C’est un honneur de prendre la parole aujourd’hui pour présenter ce plaidoyer devant une audience venue d’autant de régions du monde. Vous êtes là pour réfléchir à l’avenir de nos villes, ces points névralgiques de notre civilisation mondialisée. Et nous en avons bien besoin vu la direction que notre civilisation prend, générant des inégalités sociales et des dégradations écologiques inédites.

Je m’appelle Clément Pairot, au cours de ma vie professionnelle j’ai étudié les pratiques urbaines économes en ressources à Hanoi, Bombay, Nairobi et Paris. Je suis aujourd’hui focalisé sur les sujets de résilience pour améliorer nos vies malgré un climat dégradé et promouvoir une coopération respectueuse entre notre espèce et les autres vivants de cette planète.

J’ai deux nouvelles à vous partager : une mauvaise et une bonne.

La mauvaise nouvelle, c’est que nous ne sommes pas prêts. Aucune ville n’est préparée à ce que les scientifiques annoncent comme conséquences des dégradations écologiques que nous avons engendré.

Exemple : Paris.
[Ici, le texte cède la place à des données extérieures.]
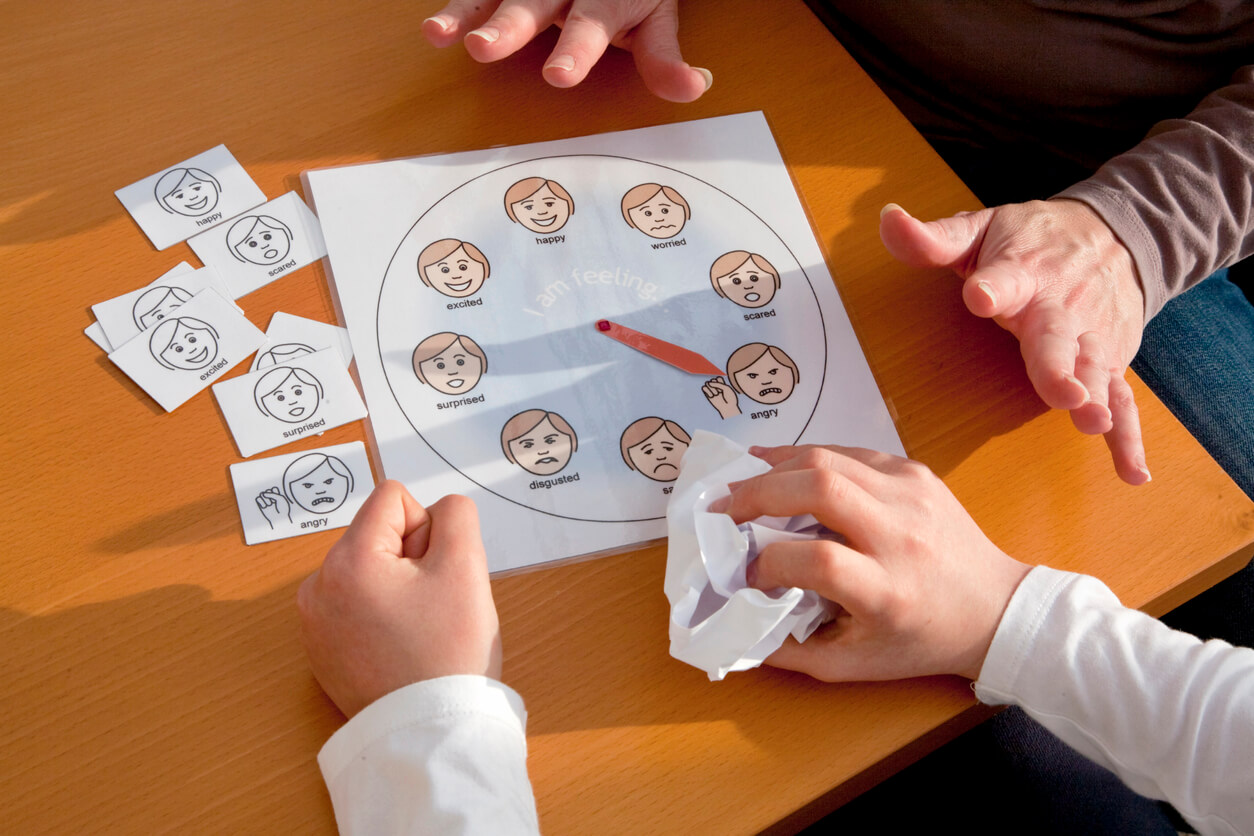 i pittogrammi affrontano le emozioni che puntano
Paris a fait rêver la planète cet été avec les Jeux Olympiques et Paralympiques. On pourrait croire que tout va bien. Paris est déjà la ville la plus mortelle d’Europe en cas de canicule. Mais en plus, le risque d’été à 50° y est tangible dans les années qui viennent. Or, rien n’est adapté pour de telles températures à commencer par les hôpitaux parisiens.

À partir de 42°, leur systèmes de climatisations flanchent, les opérations s’arrêtent, les patients qui ne peuvent pas attendre meurent.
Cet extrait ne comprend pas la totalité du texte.